Balancing Cost-Efficiency and Innovation
Technology stacks often come with a significant price tag, which can act as a deterrent against wasteful spending. Even if all design decisions can be debated, justifying wasteful expenses is difficult. A phrase I like to use is “Know thy Stack” and know it well. Wasteful spending often arises from a lack of deep understanding of one’s own stack. When you truly know your stack, trends and external best practices won’t faze you. You’ll evaluate and move on.
There are many design patterns to follow today, with debates on which cloud to build on, the right platform (serverless, Kubernetes, managed containers, self-hosted DBs, or managed DBs), etc. The “Know thy Stack” philosophy means understanding which tools can deliver the expected performance over time at the best price point. Often, decisions are made based on projections that never materialize. Businesses spend hundreds of dollars expecting future scalability that may never be needed. If you truly know your stack, why make extensive plans for the future that may not be necessary?
It’s easy to waste money on technology due to the plethora of products and methods available. For most early-stage startups, terms like scalability, disaster recovery, and high uptime shouldn’t be primary concerns. While important, it’s essential to determine if and why you need them before investing heavily
Summary
Of Course, there are several ways to build and no one right way of building. But understanding exactly the purpose of a particular tool or technology at what stage a business is currently in is a skill only the CTO can truly know and it’s the only way to justify any and all technology spend.
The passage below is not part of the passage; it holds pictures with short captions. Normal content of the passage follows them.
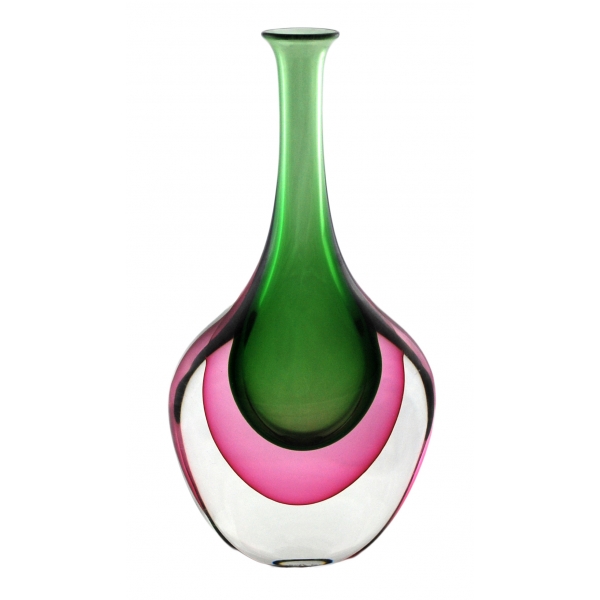 Ars Cenedese Murano - Sommerso Bottle - Green - Handcrafted Venetian Vase Handmade by Venetian Glassmasters - Luxury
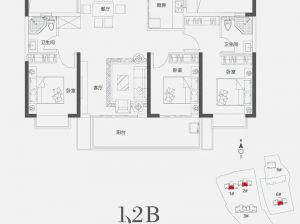 衡阳-雁峰区东投归雁台为您提供1.2B户型鉴赏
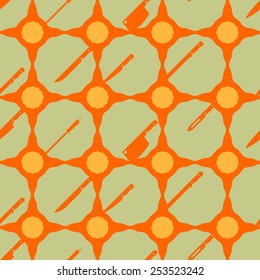 Seamless background with kitchen knifes for your design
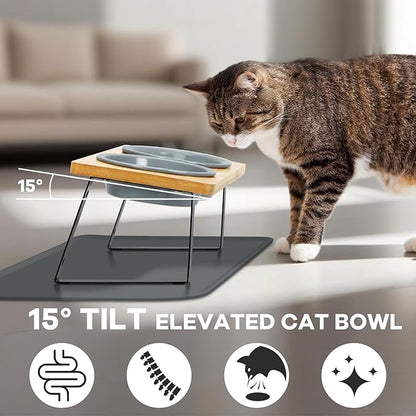 LEAWALK Upgraded Adjustable Height Cat Food Bowls Stand Ceramic Dog Bowls and Slow Feeder Cat Bowl, 15°Tilted Stand Anti Vomiting Raised for Small and Medium Sized Cats Dogs (Grey (2 Bowl+Pet mat))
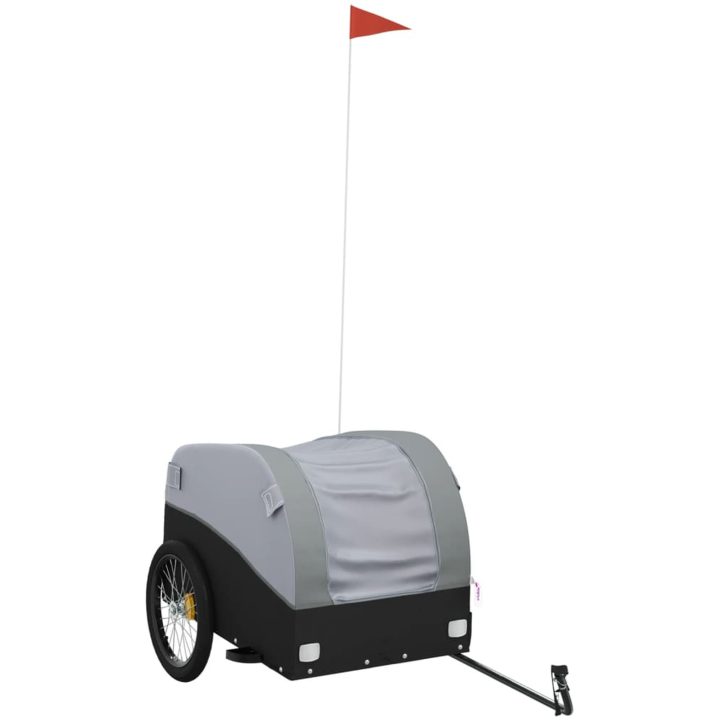 Cykelvagn svart och grå 45 kg järn vidaXL 126 x 63 x 63 cm – bild 2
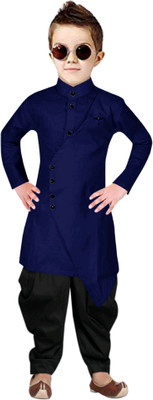 TRUST OUS Boys Festive & Party Kurta and Dhoti Pant Set(Dark Blue Pack of 1)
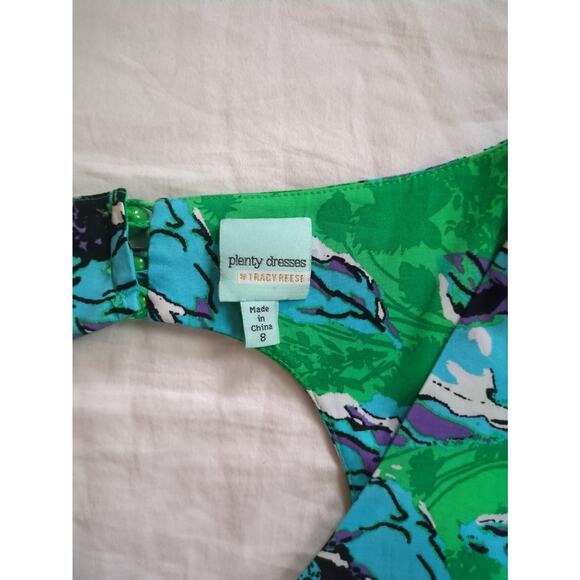 Anthropologie Plenty by Tracy Reece Green Floral Tea Dress Size 8 Cutout Back - Picture 2 of 6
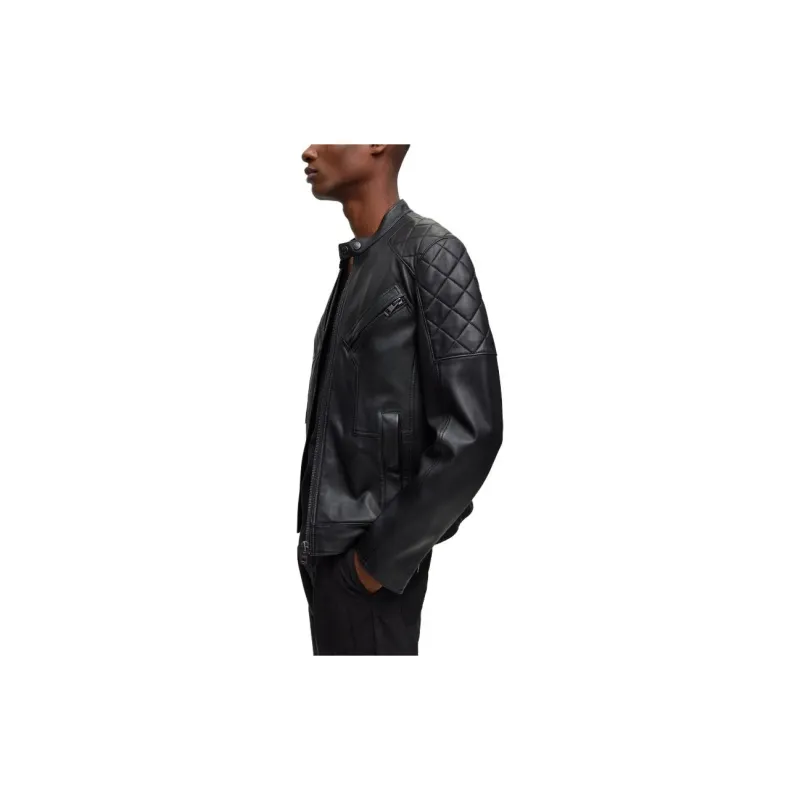 HUGO BOSS SS23 Leather Jacket Men's Black-4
I worked with a customer to migrate RDS DBs to Kubernetes. In theory, people today will tell you managed databases are a no-brainer, but for this customer, it led to a 40% reduction in cloud spend while still serving user traffic with good performance. Another customer moved containerized workloads from Managed Kubernetes to a Docker Compose Solution. The point is, the answer isn’t always Kubernetes, Docker, or serverless. The answer lies in providing value at the lowest possible cost. Find your solution and make it yours.